Starting at the first line of the data below, write out each line exactly until you reach the line containing "Renault Korea(Samsung) 클리오 intense, 2018 15", and include that line too.

Crawled caption data

======

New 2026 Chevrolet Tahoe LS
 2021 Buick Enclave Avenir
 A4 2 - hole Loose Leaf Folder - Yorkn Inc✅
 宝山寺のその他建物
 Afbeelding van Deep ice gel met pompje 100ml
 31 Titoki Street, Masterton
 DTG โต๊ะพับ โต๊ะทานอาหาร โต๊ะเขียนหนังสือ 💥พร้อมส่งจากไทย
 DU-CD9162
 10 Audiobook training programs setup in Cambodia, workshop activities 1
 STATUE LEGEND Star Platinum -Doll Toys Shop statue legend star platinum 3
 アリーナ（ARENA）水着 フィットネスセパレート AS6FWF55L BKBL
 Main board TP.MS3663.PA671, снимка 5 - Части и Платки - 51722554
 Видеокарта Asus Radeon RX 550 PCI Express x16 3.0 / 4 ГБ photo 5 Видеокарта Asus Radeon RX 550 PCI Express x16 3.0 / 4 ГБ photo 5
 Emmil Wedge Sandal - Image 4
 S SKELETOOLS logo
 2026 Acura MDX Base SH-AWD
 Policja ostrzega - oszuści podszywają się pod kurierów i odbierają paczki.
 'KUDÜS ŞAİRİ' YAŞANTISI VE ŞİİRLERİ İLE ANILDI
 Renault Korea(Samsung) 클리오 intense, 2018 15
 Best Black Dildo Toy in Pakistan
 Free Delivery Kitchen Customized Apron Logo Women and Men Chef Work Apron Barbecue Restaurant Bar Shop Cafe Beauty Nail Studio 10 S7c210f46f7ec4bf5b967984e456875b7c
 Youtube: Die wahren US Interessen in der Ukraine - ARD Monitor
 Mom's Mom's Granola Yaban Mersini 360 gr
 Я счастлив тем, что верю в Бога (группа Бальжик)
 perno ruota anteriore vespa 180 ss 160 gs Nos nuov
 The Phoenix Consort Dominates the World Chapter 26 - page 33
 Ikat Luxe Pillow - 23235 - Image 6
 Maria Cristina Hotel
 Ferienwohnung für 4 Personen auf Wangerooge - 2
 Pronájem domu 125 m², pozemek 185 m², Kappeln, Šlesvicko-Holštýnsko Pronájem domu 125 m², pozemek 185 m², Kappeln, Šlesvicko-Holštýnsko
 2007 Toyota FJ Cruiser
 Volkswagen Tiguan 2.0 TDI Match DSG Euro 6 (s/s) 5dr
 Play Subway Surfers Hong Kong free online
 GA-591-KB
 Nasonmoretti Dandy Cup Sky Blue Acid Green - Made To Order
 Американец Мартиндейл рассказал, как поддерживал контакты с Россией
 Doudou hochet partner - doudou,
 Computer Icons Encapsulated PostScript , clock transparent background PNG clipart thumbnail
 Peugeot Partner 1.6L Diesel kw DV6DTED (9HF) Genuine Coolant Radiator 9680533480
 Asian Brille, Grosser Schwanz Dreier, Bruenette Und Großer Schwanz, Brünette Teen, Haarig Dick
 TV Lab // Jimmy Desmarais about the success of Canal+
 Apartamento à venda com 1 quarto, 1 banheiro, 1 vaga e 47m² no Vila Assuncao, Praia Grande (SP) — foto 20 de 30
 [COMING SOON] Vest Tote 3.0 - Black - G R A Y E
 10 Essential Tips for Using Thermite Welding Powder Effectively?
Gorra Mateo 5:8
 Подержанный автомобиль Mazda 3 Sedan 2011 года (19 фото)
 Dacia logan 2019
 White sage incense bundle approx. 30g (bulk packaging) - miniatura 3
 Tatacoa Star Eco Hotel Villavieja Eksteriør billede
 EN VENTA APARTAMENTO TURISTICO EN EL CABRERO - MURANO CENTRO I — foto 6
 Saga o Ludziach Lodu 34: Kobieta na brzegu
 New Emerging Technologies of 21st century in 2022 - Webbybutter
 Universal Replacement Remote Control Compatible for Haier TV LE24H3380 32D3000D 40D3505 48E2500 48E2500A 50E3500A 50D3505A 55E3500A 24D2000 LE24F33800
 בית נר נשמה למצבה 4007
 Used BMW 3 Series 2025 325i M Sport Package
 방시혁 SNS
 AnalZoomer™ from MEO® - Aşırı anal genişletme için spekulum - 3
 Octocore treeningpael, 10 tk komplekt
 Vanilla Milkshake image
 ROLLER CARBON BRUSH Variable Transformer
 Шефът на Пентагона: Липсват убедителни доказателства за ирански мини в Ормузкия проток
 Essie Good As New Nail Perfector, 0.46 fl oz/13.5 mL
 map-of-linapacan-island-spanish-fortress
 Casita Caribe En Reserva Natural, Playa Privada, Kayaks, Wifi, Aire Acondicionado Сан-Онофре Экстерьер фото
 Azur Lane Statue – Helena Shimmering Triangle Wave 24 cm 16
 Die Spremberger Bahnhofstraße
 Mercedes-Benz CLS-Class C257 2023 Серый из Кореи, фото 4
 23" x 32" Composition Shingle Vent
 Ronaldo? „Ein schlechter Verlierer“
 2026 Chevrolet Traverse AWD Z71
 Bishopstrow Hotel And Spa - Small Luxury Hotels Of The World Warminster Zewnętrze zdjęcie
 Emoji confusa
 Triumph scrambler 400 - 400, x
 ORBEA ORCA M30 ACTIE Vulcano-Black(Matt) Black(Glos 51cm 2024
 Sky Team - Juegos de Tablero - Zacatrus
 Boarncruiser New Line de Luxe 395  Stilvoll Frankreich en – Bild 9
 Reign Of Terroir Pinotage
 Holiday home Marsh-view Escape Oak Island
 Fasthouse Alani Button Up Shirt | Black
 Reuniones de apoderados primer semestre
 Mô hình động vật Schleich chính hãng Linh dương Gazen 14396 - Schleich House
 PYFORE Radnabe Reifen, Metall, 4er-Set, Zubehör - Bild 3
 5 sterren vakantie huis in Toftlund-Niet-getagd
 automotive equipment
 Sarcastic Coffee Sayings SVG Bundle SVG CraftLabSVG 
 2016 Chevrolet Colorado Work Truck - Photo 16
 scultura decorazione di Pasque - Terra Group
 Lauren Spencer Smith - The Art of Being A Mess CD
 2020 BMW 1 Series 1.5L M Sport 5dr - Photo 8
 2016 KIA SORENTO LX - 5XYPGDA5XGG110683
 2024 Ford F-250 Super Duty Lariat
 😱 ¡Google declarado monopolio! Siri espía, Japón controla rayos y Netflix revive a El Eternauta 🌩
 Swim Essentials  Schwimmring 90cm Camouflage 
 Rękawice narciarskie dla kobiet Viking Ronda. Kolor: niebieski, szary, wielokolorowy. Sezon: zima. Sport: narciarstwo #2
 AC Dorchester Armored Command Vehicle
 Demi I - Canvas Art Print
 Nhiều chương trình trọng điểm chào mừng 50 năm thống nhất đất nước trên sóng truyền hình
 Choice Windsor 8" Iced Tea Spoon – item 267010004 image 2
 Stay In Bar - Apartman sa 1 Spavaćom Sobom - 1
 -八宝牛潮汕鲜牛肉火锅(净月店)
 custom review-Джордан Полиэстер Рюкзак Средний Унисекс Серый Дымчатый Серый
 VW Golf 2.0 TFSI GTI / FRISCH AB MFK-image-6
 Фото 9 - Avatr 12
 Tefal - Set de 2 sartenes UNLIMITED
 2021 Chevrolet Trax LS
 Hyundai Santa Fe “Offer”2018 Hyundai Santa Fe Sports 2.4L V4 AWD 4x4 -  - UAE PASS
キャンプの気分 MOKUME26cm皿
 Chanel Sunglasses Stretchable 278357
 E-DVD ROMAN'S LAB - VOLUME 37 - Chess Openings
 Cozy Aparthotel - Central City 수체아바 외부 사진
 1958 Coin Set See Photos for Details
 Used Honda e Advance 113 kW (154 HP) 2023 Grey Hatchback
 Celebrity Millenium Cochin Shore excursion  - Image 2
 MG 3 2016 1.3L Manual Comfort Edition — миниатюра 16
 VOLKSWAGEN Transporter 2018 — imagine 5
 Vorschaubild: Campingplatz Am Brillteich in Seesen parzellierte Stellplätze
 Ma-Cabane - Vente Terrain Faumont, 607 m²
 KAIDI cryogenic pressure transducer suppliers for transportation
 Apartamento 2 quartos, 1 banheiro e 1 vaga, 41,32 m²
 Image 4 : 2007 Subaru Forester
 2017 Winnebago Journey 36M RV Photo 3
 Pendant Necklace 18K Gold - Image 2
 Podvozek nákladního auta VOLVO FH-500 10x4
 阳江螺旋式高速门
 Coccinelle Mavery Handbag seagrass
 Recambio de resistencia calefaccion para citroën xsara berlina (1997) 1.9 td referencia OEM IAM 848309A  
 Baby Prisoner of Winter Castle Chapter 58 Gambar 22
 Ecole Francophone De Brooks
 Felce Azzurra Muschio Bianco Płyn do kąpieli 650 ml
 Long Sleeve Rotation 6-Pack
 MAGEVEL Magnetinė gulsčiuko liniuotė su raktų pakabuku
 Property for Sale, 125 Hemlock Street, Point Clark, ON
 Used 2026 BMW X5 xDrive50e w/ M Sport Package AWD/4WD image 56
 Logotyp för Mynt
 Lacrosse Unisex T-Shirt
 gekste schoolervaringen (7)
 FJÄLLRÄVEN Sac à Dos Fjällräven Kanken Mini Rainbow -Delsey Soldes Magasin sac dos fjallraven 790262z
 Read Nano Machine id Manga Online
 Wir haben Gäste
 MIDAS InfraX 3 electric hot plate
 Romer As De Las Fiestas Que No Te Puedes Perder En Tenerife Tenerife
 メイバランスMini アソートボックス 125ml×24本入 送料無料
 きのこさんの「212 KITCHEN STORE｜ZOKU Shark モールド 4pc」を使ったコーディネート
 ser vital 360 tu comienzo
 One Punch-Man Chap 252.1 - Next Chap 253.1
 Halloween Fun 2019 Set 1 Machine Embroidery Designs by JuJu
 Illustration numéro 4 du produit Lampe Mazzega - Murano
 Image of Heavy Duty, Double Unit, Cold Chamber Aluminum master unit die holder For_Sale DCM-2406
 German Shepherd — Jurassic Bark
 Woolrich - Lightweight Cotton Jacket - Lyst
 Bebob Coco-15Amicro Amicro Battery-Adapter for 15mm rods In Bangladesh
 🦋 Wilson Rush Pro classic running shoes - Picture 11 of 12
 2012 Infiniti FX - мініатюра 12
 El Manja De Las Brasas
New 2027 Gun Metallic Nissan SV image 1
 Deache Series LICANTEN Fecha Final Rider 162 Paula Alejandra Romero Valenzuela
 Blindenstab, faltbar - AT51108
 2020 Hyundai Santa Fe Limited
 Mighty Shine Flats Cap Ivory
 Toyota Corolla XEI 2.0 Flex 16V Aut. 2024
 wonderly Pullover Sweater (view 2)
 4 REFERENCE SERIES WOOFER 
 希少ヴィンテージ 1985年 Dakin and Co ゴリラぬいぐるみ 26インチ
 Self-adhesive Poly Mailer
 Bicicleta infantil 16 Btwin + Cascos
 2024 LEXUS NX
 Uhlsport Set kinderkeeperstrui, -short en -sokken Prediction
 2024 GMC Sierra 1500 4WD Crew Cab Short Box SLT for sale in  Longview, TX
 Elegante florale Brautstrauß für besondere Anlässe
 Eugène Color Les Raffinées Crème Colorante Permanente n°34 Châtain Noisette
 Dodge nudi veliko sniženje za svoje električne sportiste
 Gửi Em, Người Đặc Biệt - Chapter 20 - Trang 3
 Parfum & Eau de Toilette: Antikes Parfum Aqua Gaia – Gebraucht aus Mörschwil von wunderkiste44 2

======

ANSWER SECTION
New 2026 Chevrolet Tahoe LS
 2021 Buick Enclave Avenir
 A4 2 - hole Loose Leaf Folder - Yorkn Inc✅
 宝山寺のその他建物
 Afbeelding van Deep ice gel met pompje 100ml
 31 Titoki Street, Masterton
 DTG โต๊ะพับ โต๊ะทานอาหาร โต๊ะเขียนหนังสือ 💥พร้อมส่งจากไทย
 DU-CD9162
 10 Audiobook training programs setup in Cambodia, workshop activities 1
 STATUE LEGEND Star Platinum -Doll Toys Shop statue legend star platinum 3
 アリーナ（ARENA）水着 フィットネスセパレート AS6FWF55L BKBL
 Main board TP.MS3663.PA671, снимка 5 - Части и Платки - 51722554
 Видеокарта Asus Radeon RX 550 PCI Express x16 3.0 / 4 ГБ photo 5 Видеокарта Asus Radeon RX 550 PCI Express x16 3.0 / 4 ГБ photo 5
 Emmil Wedge Sandal - Image 4
 S SKELETOOLS logo
 2026 Acura MDX Base SH-AWD
 Policja ostrzega - oszuści podszywają się pod kurierów i odbierają paczki.
 'KUDÜS ŞAİRİ' YAŞANTISI VE ŞİİRLERİ İLE ANILDI
 Renault Korea(Samsung) 클리오 intense, 2018 15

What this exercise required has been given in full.